The "why" of a novel often dictates its literary success and Mary Casanova's novel "Frozen" illustrates this point:
"For two decades I have been haunted by an account in Hiram Drache's Koochiching about life in northern Minnesota in the early 1900s," Casanova wrote in an Author's Note.
"A prostitute was found frozen one morning in the snow... What it churned in me was a deep desire to understand and give voice to this woman's life and death. Perhaps avenge it."
Casanova's attempt to avenge the prostitute's life falls short:
- She wends a contrived, uneven story of coincidence that continues beyond its manipulated ending.
- characters populating the novel are one-dimensional caricatures written to suit Casanova's purposes; they do not breathe.
- Narrator Sadie Rose observes her actions, describes her motivations and tells her conclusions in an out of body fashion that keeps readers from becoming absorbed in her story. She does not know herself well enough to tell the story.
Noah Lukeman, author of "The First Five Pages" wrote, "Viewpoint and narration comprise a delicate, elaborate facade, in which one tiny break of inconsistency can be disastrous, the equivalent of striking a dissonant note in the minds of a harmonious musical performance."

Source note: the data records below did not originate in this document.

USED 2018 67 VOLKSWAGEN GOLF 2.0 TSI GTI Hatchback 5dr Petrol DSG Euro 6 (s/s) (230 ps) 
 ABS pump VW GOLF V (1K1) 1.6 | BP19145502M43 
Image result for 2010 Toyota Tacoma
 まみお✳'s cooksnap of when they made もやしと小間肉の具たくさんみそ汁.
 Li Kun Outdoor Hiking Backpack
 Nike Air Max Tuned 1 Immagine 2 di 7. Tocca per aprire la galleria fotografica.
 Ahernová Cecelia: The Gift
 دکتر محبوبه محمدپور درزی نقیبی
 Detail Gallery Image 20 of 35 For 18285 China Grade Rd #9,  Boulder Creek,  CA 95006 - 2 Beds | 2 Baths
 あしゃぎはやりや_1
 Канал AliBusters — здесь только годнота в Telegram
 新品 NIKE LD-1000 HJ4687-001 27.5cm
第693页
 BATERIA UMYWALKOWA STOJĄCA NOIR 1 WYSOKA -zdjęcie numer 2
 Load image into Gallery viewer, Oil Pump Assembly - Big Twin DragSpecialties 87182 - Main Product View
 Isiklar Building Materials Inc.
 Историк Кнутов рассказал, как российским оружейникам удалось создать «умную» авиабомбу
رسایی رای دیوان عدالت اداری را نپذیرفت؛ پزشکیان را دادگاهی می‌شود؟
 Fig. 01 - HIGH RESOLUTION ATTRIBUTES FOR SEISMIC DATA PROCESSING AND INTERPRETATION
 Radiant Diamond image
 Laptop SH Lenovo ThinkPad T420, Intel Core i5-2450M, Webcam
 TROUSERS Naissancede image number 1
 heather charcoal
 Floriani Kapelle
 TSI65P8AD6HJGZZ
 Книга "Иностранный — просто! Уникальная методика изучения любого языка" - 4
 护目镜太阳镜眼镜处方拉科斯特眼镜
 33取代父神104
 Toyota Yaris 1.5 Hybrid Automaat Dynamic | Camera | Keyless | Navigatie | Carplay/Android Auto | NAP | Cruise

Sadie Rose's opening chapter piano prowess holds promise, but as with so many of her personality traits and personal emotions, this one proves as distracting as an irrelevant Sherlock Holmes' clue.
Sadie Rose assumes a strange, consistent knack for bending others to her will-- servicing the plot more than its reader.
For example, she convinces environmentalist Victor Guttenberg to take her on a canoe trip, even though being alone with an impressionable young woman is inappropriate behavior in the 1920s and will most certainly alienate her father, Senator Worthington. Guttenberg's greatest desire is to bend the Senator's ear, why would he risk angering this powerful man?
The characters feel artificial and easily led, the story line unbelievable, yet despite these flaws, Casanova is master of place.
She lives in Ranier, situated in Northern Minnesota where Canada meets the United States. Like a tour guide, she invites readers into her neck of the woods, once rife with loons and steamers, brothels and bootleggers, corrupt businessmen and pliable politicians.